From the line with "molecular formula C20H16Cl2N2O3" through the line with "Chanel Tweed Lambskin", inclusive, return each line of the data below exactly and leave the rest out.

- Given records
———
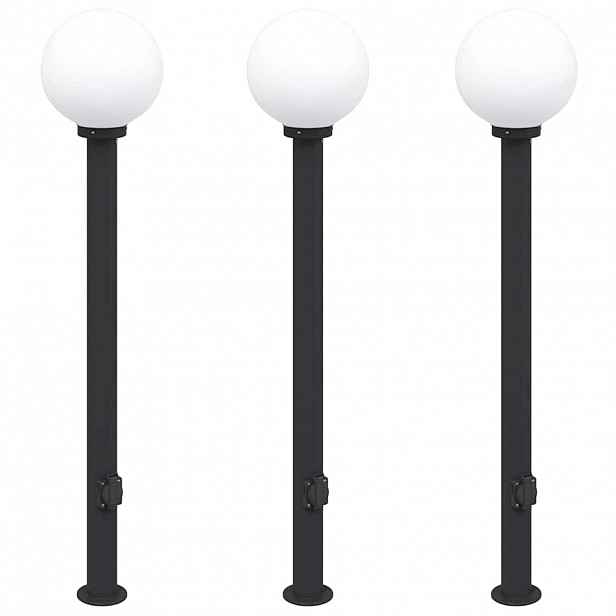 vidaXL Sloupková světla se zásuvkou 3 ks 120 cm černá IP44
———
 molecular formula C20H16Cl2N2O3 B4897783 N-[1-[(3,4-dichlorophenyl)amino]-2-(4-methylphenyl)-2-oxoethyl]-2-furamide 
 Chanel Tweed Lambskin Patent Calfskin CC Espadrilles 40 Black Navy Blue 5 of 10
———
- Exercise solution
 molecular formula C20H16Cl2N2O3 B4897783 N-[1-[(3,4-dichlorophenyl)amino]-2-(4-methylphenyl)-2-oxoethyl]-2-furamide 
 Chanel Tweed Lambskin Patent Calfskin CC Espadrilles 40 Black Navy Blue 5 of 10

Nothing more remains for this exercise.